December 5, 2025 By Chris Corrigan Bowen No Comments

My view for the next ten days or so.

We are settling in for one of the biggest rainfall events in years. Today it started raining and the expectation is that a series of increasingly intense atmospheric rivers will be delivering rain to the west coast in increasing amounts over the next couple of weeks. In some places there will be 300-400 millimetres of rain falling, some of it as snow on the mountains. It won’t be very windy, which is a good thing.

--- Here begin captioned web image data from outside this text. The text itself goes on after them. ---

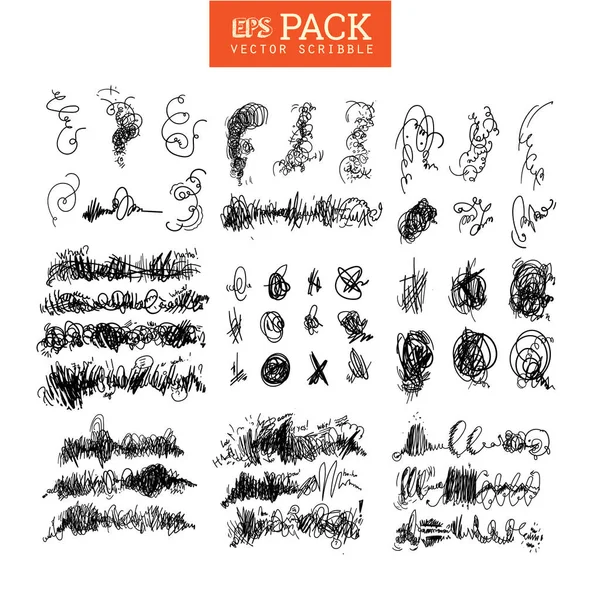 Pack of scribble elements. You can use it as brush — Stock Vector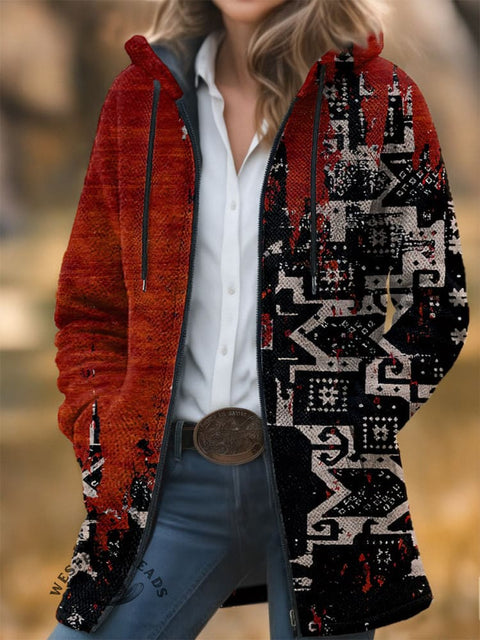 Retro Pattern Unisex Plush Thick Long-Sleeved Cardigan Coat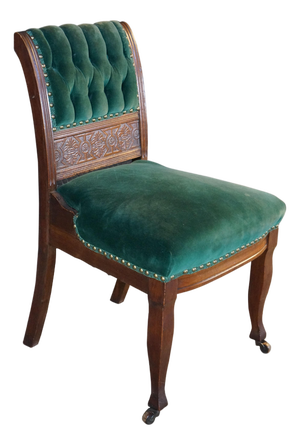Antique Victorian Eastlake Carved Mahogany Tufted Velvet Parlor Side Chair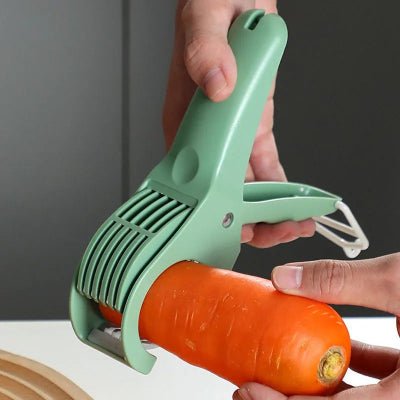 coupe legume ergonomique sur carottes tranches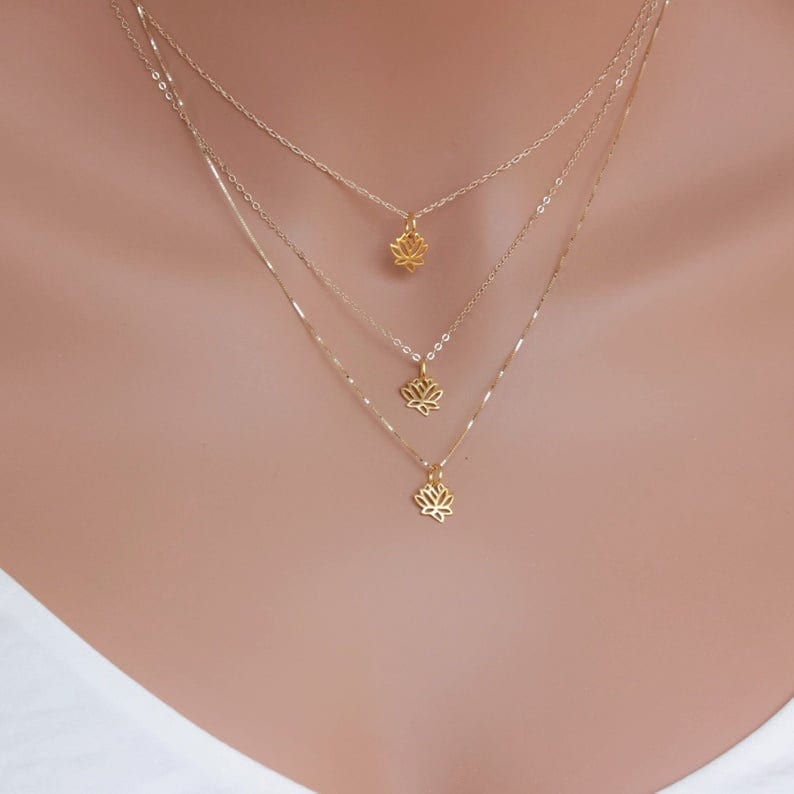 14k Gold Lotus Necklace, Meditation Symbol Jewelry, Gold Flower Jewelry, Best Gifts for Girlfriend, Yoga Necklace-Bridesmaid Gift image 2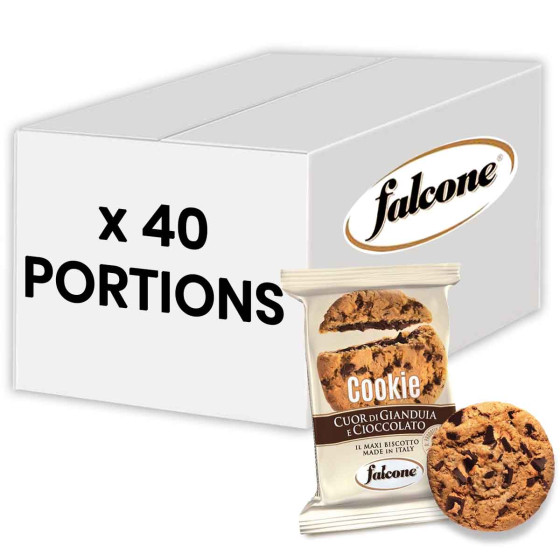 Maxi Cookie Coeur fondant Falcone Gianduja et Chocolat Lait - Carton de 40 cookies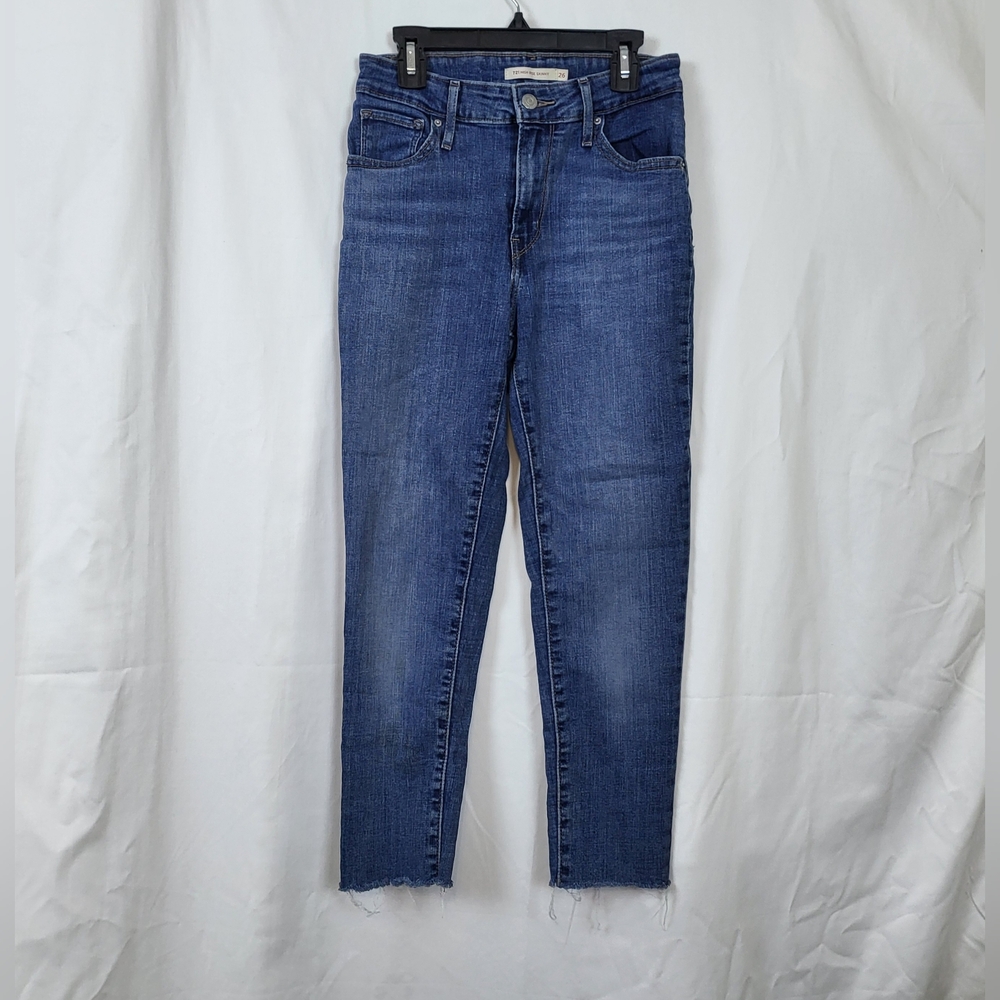 Levi's Womens 721 High-Rise Medium Wash 5 Pocket Skinny Raw Hem Stretch Jeans 26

The atmospheric beast responsible for this is a set of stable systems out in the Pacific, a low to the north the north and a high to the south of us that are generating a trough of moisture between them and extruding it right at us. By the time what Cliff Mass calls the Godzilla Atmospheric River arrives next week, the flow of moisture will be almost 5000 kms long, originating in a part of the Pacific Northwest of the Hawaiian Islands, near Midway. It’s amazing to look at the modelling.

This kind of pattern produces lots of flooding, so we’ll have to be on the look out for that. The land is saturated with water now, so everything will run off. Waterfalls will be spectacular, gullies and culverts will overflow, our reservoirs will be full, and probably a little murky with the tannins and suspended particulates. There may be landslides in some places. It’s gong to make for some very wet events here on Bowen Island, like Light Up The Cove on Saturday.